EXERCISE PROMPT: Through to the final line, write out the records below exactly, omitting any images they contain.

[Image-text web data]
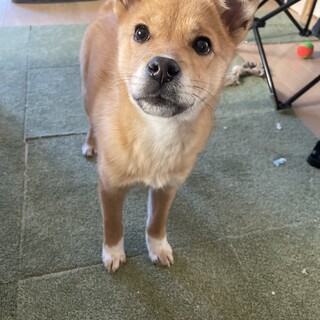 トライアル決定♪あまにちゃん♀3ヵ月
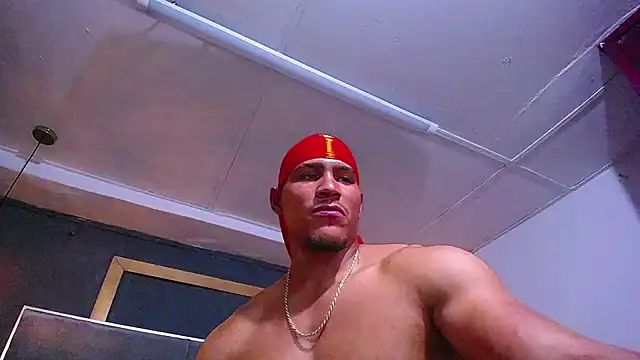 teddyfit19cm webcam
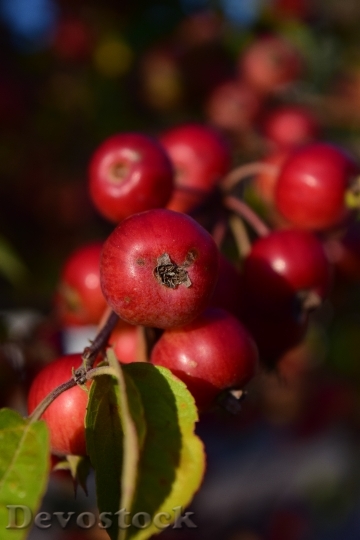 Devostock Zieraepfel Apple Fruits Small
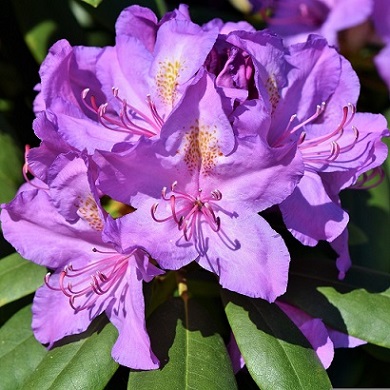 Le rhododendron est une plante sensible à la cochenille pulvinaire du houx.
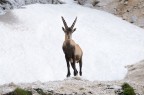 Stambecco sul Montasio Stambecco sul Montasio
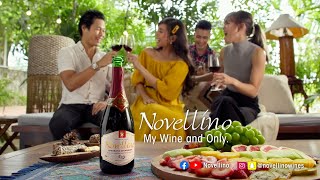 Moments Made More Special with Novellino Full Video [upl. by Ilehs]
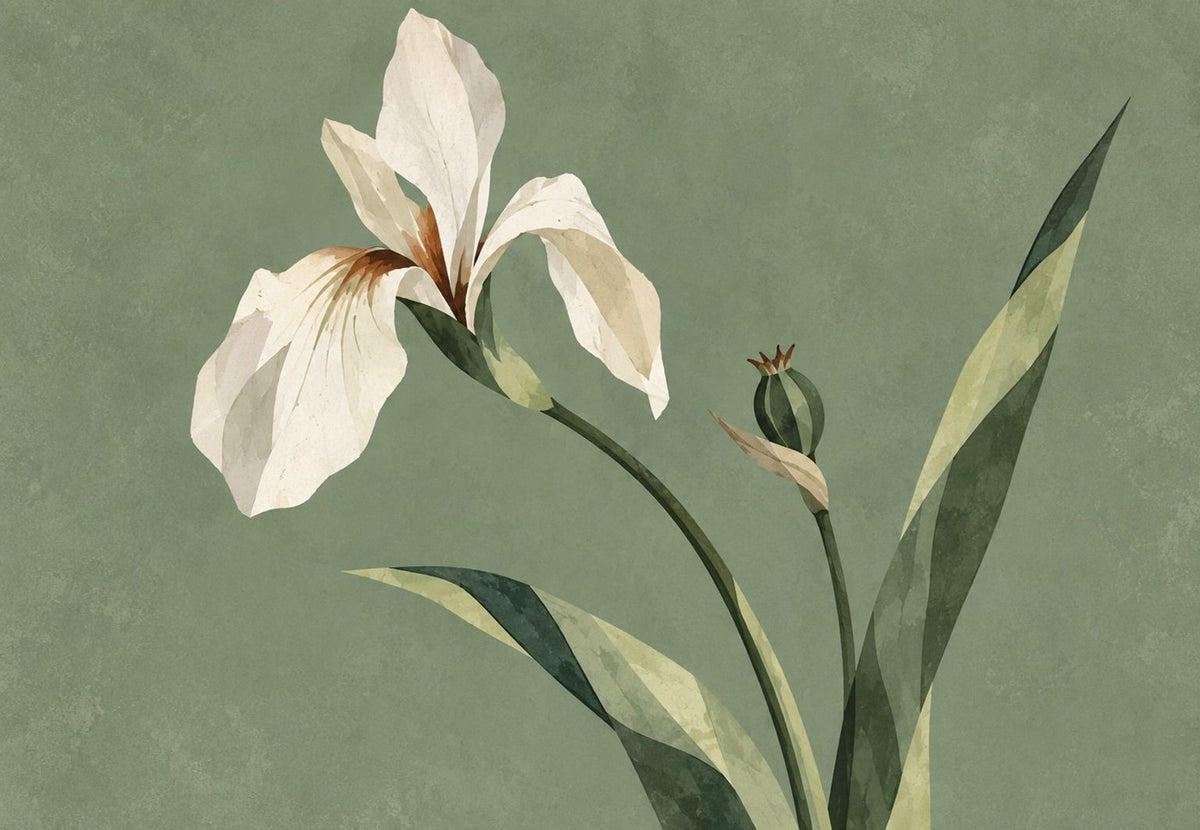 Weiße Iris in Blüte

RESULT FOR THIS EXERCISE:
 トライアル決定♪あまにちゃん♀3ヵ月
 teddyfit19cm webcam
 Devostock Zieraepfel Apple Fruits Small
 Le rhododendron est une plante sensible à la cochenille pulvinaire du houx.
 Stambecco sul Montasio Stambecco sul Montasio
 Moments Made More Special with Novellino Full Video [upl. by Ilehs]
 Weiße Iris in Blüte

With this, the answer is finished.